Ottavo rinvio dell’udienza per l’estradizione del padre di Saman Abbas
Di nuovo, è accaduto per l'ottava volta. Il legale del padre di Saman Abbas non si è presentato in aula, ma ha depositato un'istanza
Ottavo rinvio per l’estradizione del padre di Saman Abbas. Anche questa volta, il legale di Shabbar Abbas non si è presentato all’udienza. Per otto volte consecutive, il Pakistan ha fatto sapere all’Italia del rinvio a nuova data.
Si tratta di una strategia o meglio una “farsa” per far in modo che Shabbar non arrivi in Italia per l’inizio del processo per il delitto della figlia Saman Abbas? Processo che inizierà il prossimo 10 febbraio.
Ormai è questa la convinzione degli italiani e di coloro che da oltre un anno e mezzo lottano per dare giustizia alla 18enne pakistana, morta a causa della sua famiglia. Cosa inventeranno domani 26 gennaio, la data stabilita per il rinvio dell’udienza? Forse, la risposta è ormai scontata.
E non si tratta dell’unica notizia arrivata dal Pakistan. Il legale del padre di Saman non si è presentato all’udienza, tuttavia ha presentato un’istanza di rilascio con cauzione. Sarà ora il giudice del tribunale pakistano a decidere, durante l’udienza, dopo aver ascoltato la parte, se accettare o rifiutare la richiesta.
Le parole del legale dell’associazione Penelope, parte civile nel processo di Saman Abbas
Barbara Iannuccelli, avvocato dell’associazione Penelope, parte civile nel processo di Saman, ha commentato così quanto sta accadendo:
Io l’ho sempre detto dall’inizio. Non ho una visione ottimistica. Spero che questi rinvii non siano stati decisi per arrivare a un termine in cui debbano liberare Shabbar per scadenza dei termini massimi relativamente alla sua detenzione. Spero, invece, che possa appartenere ad una abitudine del rito pakistano.

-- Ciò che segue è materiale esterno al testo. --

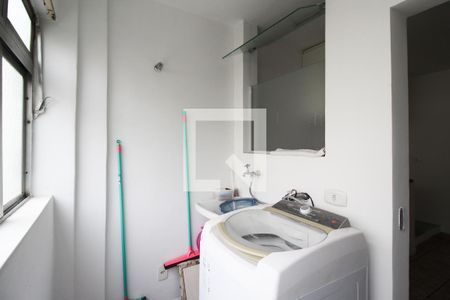 Apartamento à venda com 70m², 2 quartos e 1 vagaÁrea de Serviço 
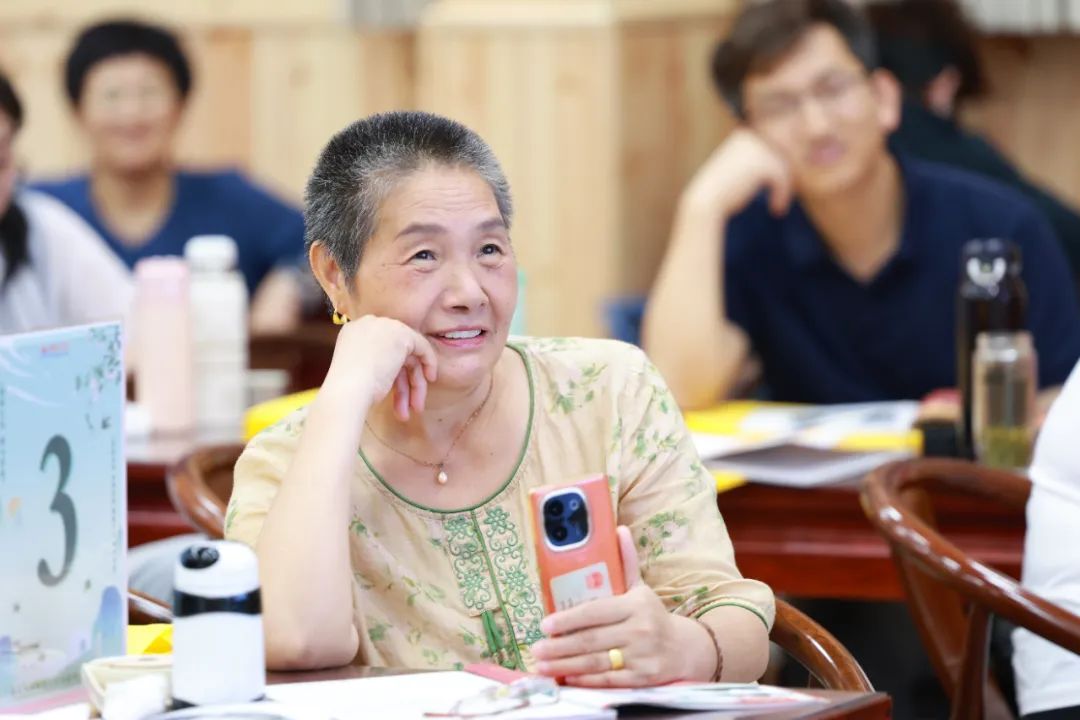 1752976504299329.jpg 1752976504299329.jpg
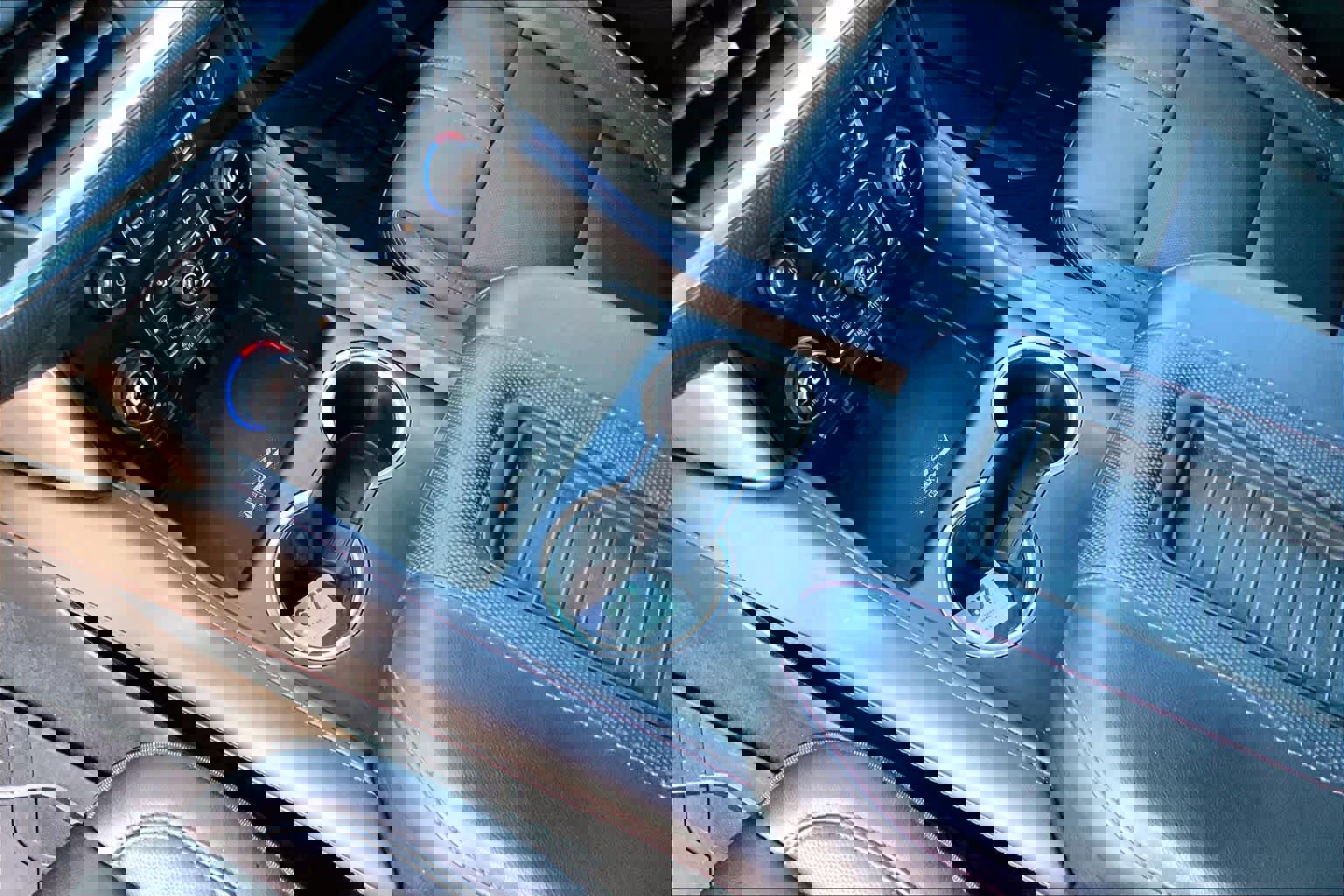 Used 2021 Chevrolet Suburban RST w/ Luxury Package image 17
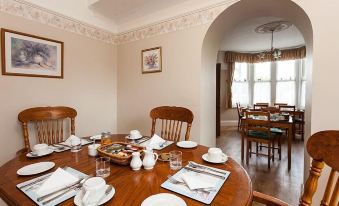 Gable End Guest House - Housity
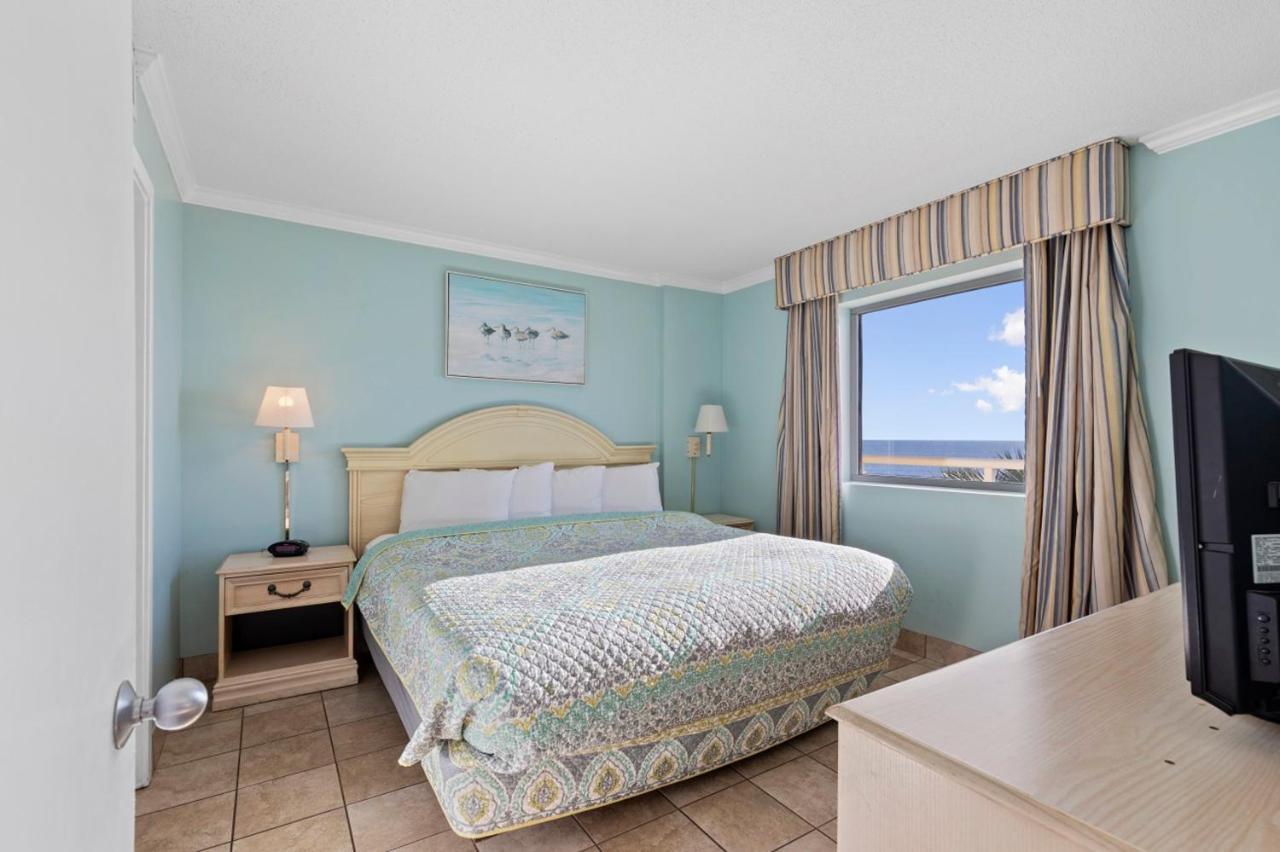 Hosteeva Beachfront With Private Balcony *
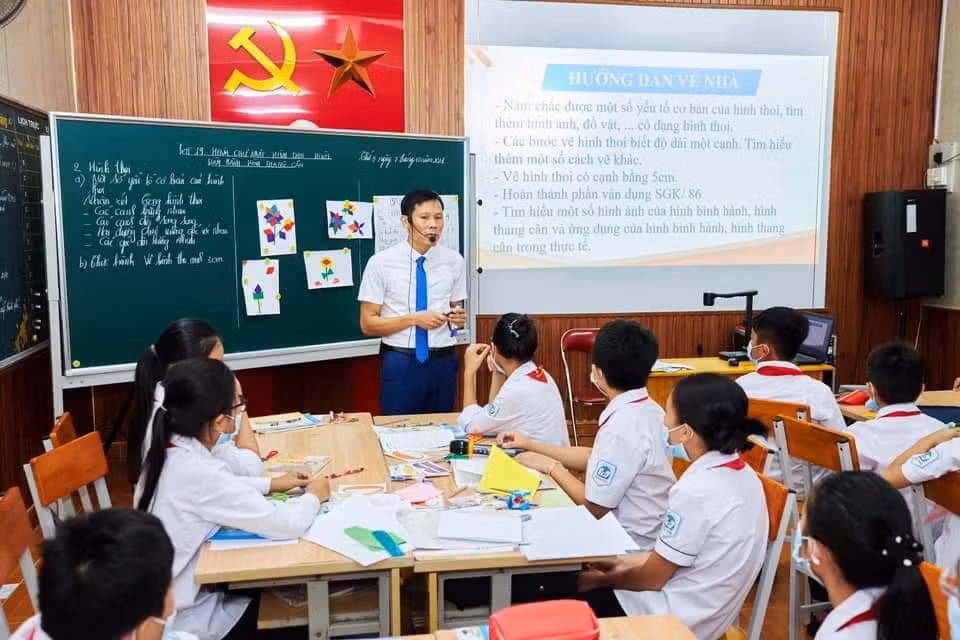 Vì chưa có tài liệu Giáo dục địa phương lớp 7 nên các giáo viên Hải Phòng lo lắng trong việc sắp xếp giảng dạy môn học này (Ảnh minh hoạ: Lã Tiến)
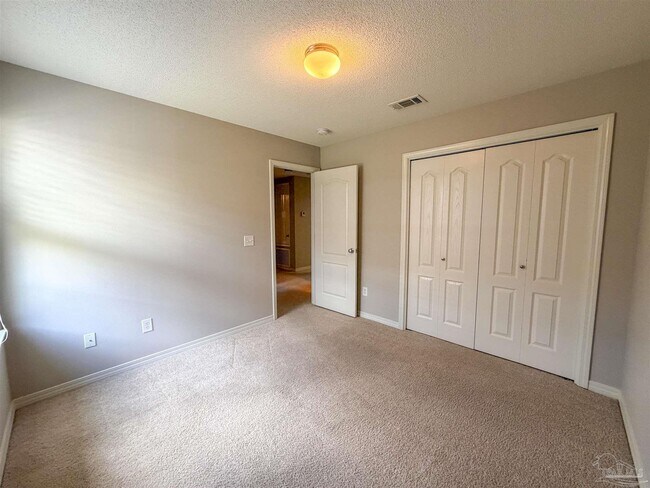 Building Photo - 697 Mozingo Ln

C’è un detenuto che viene portato e riportato in prigione. Se fosse accaduta da noi una roba del genere sarebbe già stata aperta un’inchiesta. Non so dunque neanche quanto stiano facendo l’interesse dello stesso Shabbar. Non ho la palla di vetro, ma ad oggi non sono ottimista. L’Italia non ha uno strumento di imposizione legale che possa utilizzare come quando ci sono i patti bilaterali. In questo caso viene tutto rimesso alla discrezionalità e io non la vedo molto bene questa situazione.